Love in the Time of Covid

If there is any saving grace to the Covid catastrophe, it is the opportunity to expand our capacity for love. I’m not talking about romantic, feeling kind of love. The love I’m talking about is an attitude.

Throughout the pandemic it’s been natural for us to care about the people who are suffering and dying. It’s been oh-so-much harder to love the people who disagree with us over Covid mandates, policies, and strategies. THEY don’t know — or refuse to believe — what WE know, and WE can’t convince THEM!

Where I live, in north central Washington state, we’ve been choking under a blanket of wildfire smoke for weeks. But those raging fires don’t hold near the heat as some people’s fury over new mask mandates and vaccination requirements — among the strictest in the nation. I have friends who are furious about having to wear masks, much less get a vaccine. I have friends who are furious at people who won’t wear masks or get vaccinated. The beauty of it all is that I have friends! It’s just that some are easier to love than others.

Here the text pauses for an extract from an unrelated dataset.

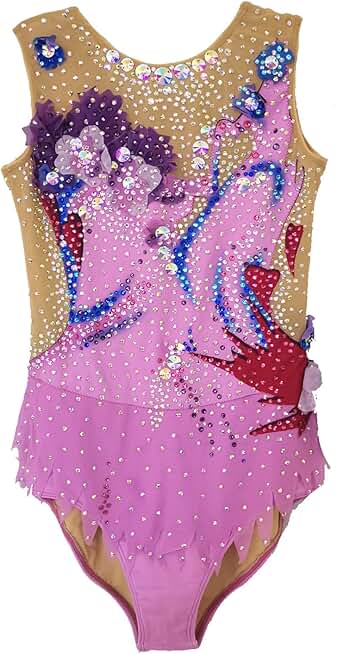Girls' Purple Sleeveless Artistic Gymnastics Dress with Diamond Decoration Customized Competition Costume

It doesn’t matter which side you’re on: you know what I’m saying. It might be in a Facebook post, or a phone conversation, or an email. Someone says something that pulls your trigger. You feel sick, enraged, and sad. What they just said contradicts everything you believe and know for a fact. You want to fire back: “I have it on good authority that …”

Don’t even try. As a journalist, I spent a career locating knowledgeable authorities and reporting the facts. That’s no longer sufficient. As I heard writer Skye Jethani observe on the Holy Post podcast this week, “Conspiratorial thinking is impervious to facts.”

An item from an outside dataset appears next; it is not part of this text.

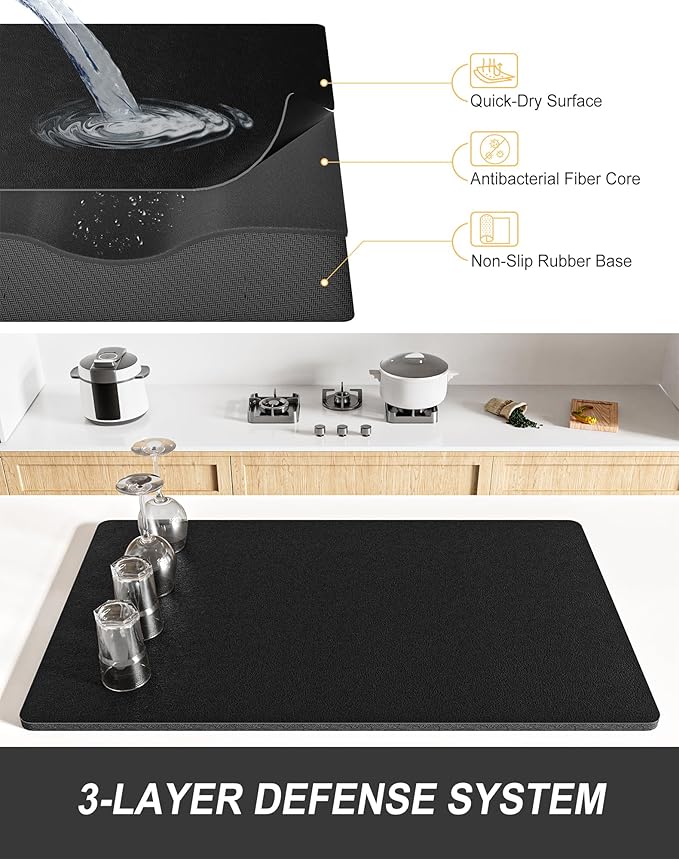 Rnivvi Dish Drying Mat for Kitchen Counter, 12 x 19" Super Absorbent Drainer - Image 4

What’s left for me is to love, to — as Fr. Richard Rohr suggests — “soften my gaze,” to try to understand where that person is coming from. Years ago, when I was just starting in the news business, I interviewed a respected government official who’d suffered a stroke and was unable to speak for an extended time. So he listened. And by listening, he told me, he made an incredible discovery: there are no stupid people.

My husband was also silenced by stroke. He’d already figured out before the stroke that there are no stupid people. He didn’t always agree with but he respected everyone who crossed his path, no matter their politics, education, race, religion, social or economic status, food or apparel choices. No stupid people but some, he would say, occasionally dislocate their brains. He had a more colorful way of describing that condition. Politicians especially, he claimed, were frequently subject to an awkward physical posture when they had their “heads up their …”

It’s a contortion that afflicts all of us at one time or another. So take another look at that person who yanked your trigger. Chances are you’ll see they’re in that dislocated brain position. Your inbred humanity kicks in, and you’ll say with love, “Gee, that’s gotta hurt. Let’s hope it’s temporary.”